_EXERCISE DESCRIPTION_
Reproduce the entries verbatim; no pictures.

[Recorded data]
• • • •
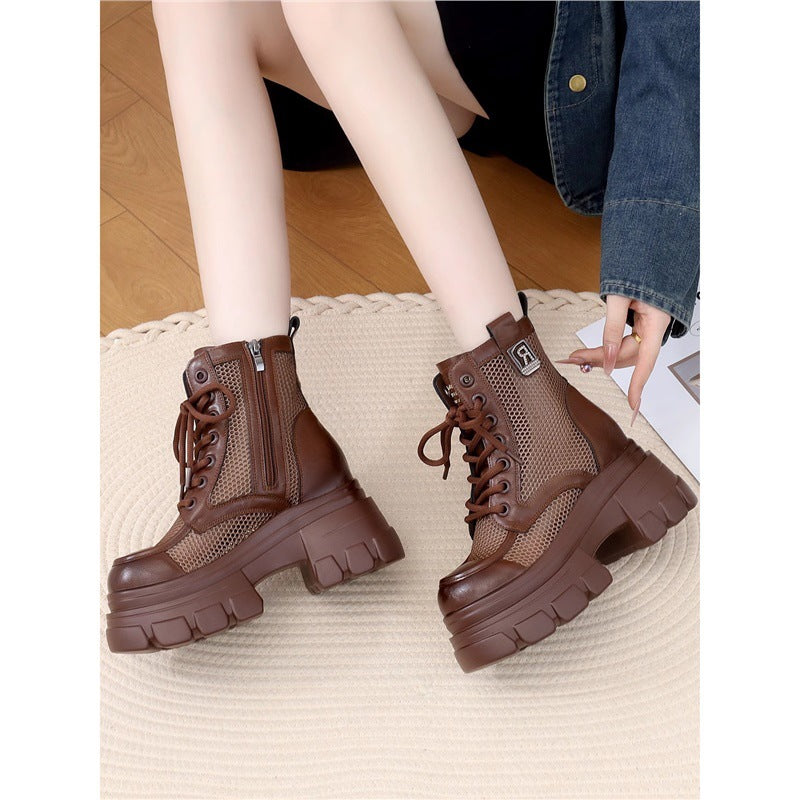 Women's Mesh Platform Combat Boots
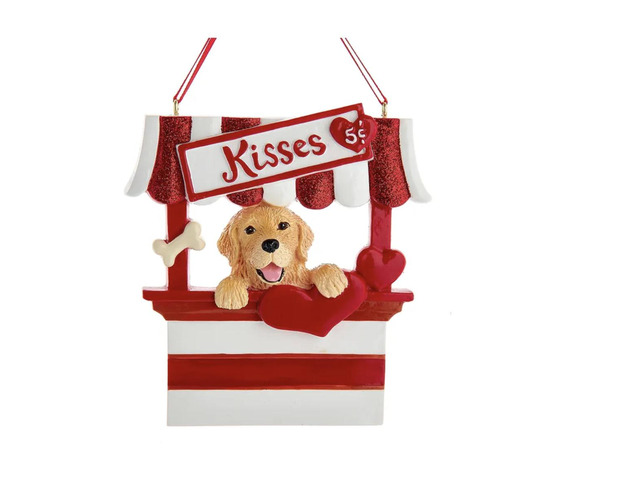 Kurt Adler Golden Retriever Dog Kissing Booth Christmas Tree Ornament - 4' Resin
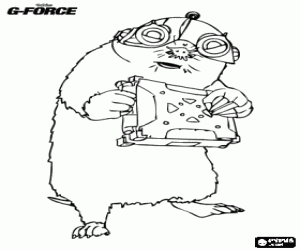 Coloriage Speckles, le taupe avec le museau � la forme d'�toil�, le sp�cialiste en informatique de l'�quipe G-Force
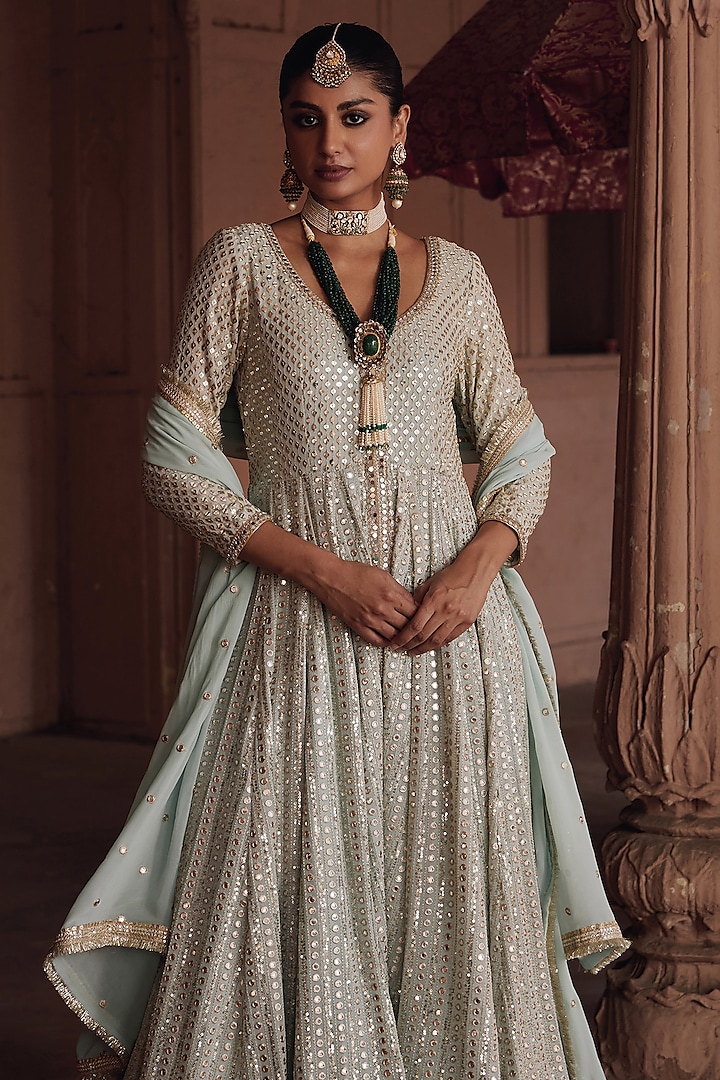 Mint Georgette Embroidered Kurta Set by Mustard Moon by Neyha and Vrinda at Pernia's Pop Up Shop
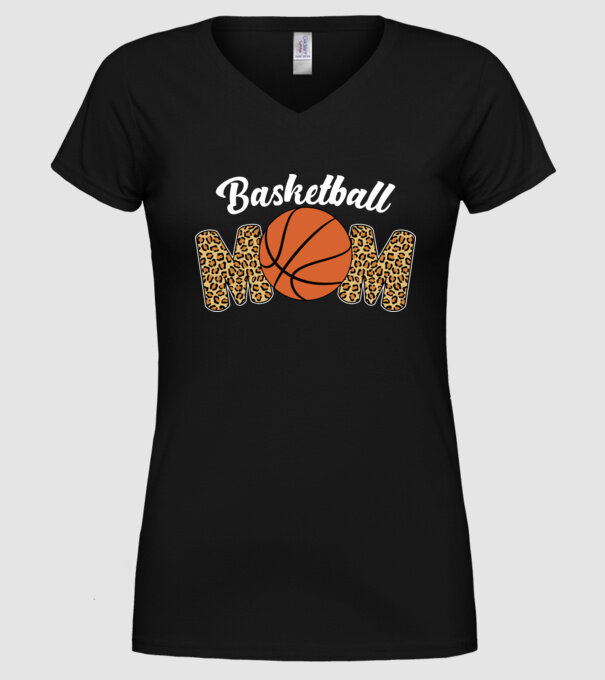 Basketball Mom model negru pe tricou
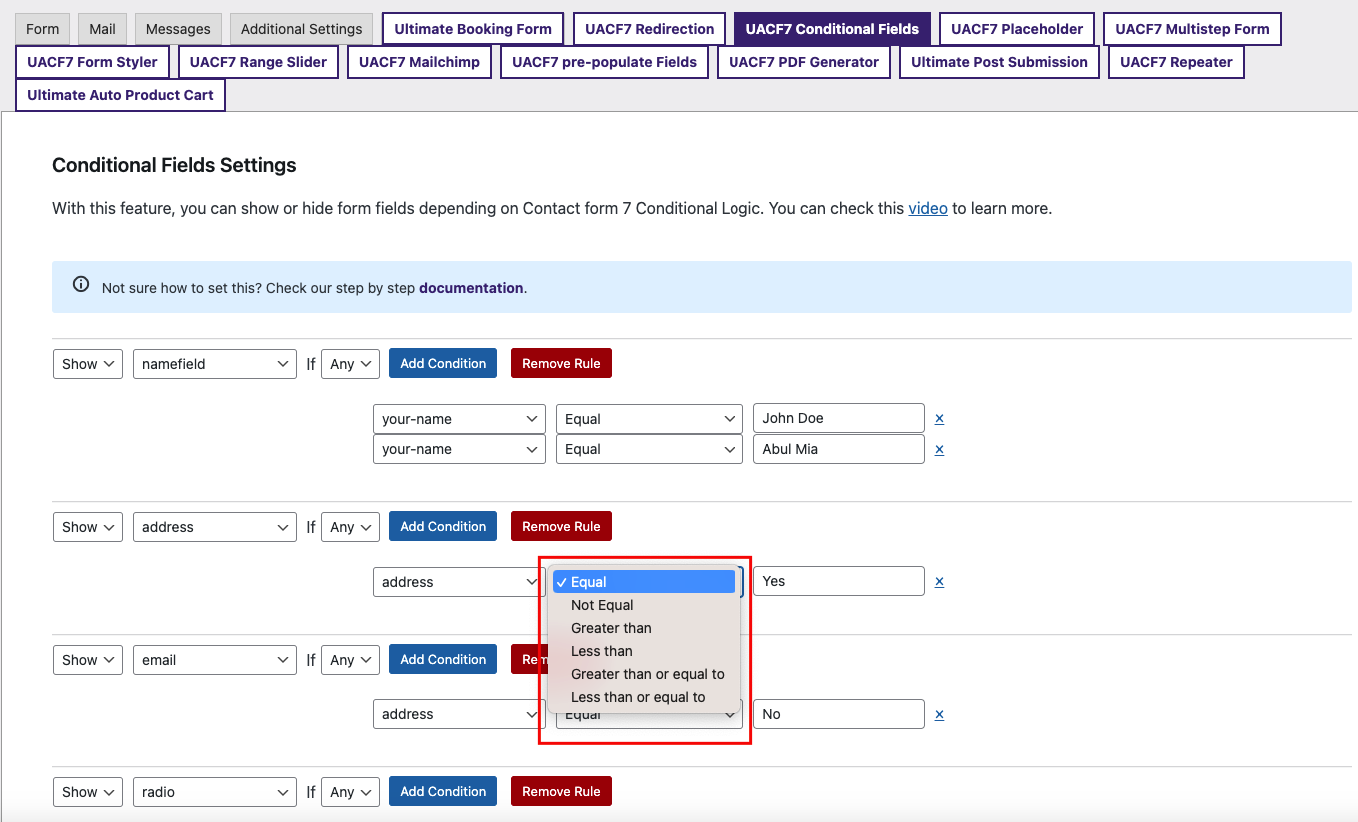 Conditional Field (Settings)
• • • •
_TASK OUTPUT_
 Women's Mesh Platform Combat Boots
 Kurt Adler Golden Retriever Dog Kissing Booth Christmas Tree Ornament - 4' Resin
 Coloriage Speckles, le taupe avec le museau � la forme d'�toil�, le sp�cialiste en informatique de l'�quipe G-Force
 Mint Georgette Embroidered Kurta Set by Mustard Moon by Neyha and Vrinda at Pernia's Pop Up Shop
 Basketball Mom model negru pe tricou
 Conditional Field (Settings)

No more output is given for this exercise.